I always thought I was a good mom. I attended every teacher/parent conference; endured freezing cold, blistering hot, and life-threatening thunderstorms just to watch soccer/baseball games; stayed up all hours of the night finishing last-minute (they said) homework projects; and did all other ups and downs a parent is supposed to do. I adored my kids (still do), and there’s not much I wouldn’t do for them. But I find that is nothing compared to what I wouldn’t do for my grandson.
Is there a difference between being a parent and being a grandparent? Both are concerned for their welfare; both want to teach them right from wrong, see them go to college, fall in love and marry (if that’s what they want), and produce many children/great grandchildren.
Why does it feel so different the second time around?
I am my kid’s worst nightmare. A granny with an unending source of patience and love and fun ideas. I am willing to go where no parent has gone before.
I laugh because I see my husband and I becoming my in-laws. When my youngest was born, it was a struggle to let them take him for a night or a weekend. After all, they were crazy! They wanted to take my oldest to Kiddyland when he was barely two. My second was taken when he was not even a year old. They made me crazy! They wanted my kids all the time — every chance they could. They took them to ranches and the restaurants that did stir fry on a table in front of them, and to Disneyworld and fishing up North. They stayed up late, played games and dug in the garden with their hands and taught them to play pinochle when they both were nine. Who does that?

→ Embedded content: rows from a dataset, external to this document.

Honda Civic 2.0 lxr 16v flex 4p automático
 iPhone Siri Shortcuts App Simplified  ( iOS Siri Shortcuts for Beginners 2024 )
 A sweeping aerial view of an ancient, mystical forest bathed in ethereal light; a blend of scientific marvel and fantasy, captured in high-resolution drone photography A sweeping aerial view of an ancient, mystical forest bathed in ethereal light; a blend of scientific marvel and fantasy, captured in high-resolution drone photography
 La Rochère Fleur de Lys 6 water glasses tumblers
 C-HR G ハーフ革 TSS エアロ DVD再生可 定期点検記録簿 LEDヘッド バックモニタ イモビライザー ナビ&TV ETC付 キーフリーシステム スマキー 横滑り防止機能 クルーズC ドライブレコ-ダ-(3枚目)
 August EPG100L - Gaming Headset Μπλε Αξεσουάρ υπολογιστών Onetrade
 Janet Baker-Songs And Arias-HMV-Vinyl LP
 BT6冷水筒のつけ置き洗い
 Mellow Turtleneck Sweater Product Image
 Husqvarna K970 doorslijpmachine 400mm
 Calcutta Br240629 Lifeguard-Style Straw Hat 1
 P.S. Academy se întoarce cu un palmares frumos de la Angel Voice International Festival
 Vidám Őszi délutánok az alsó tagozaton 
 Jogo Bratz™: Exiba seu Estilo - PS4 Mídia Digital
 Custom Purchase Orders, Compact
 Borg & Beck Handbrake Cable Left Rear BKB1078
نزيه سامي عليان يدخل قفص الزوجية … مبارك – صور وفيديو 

I am embarrassed now to admit I took offense at their unbridled desire to spoil my two kids. I was jealous of grandparents and aunties who had more free time and free money than I did. My grandparents died when I was young, so I had no idea what the grandparent “thing” was all about. My husband was very close with his grandparents, and reassured me that my kids would always be my kids.
Now I find myself repeating the actions, emotions, and enthusiasm of my in-laws. My grandson is three years old, and I find myself tripping over my feet to be with him. We learned to splash in puddles, fight with swords, and flip all the light switches in the house. I give him sips of the dreaded “Coca Cola”, slip him M&Ms, and dance in the rain whenever the opportunity shows itself. I want to buy him a whole wardrobe, take him to the zoo, and let him climb all over my dogs. And Disneyworld? If my kids take him they better book a room for granny too!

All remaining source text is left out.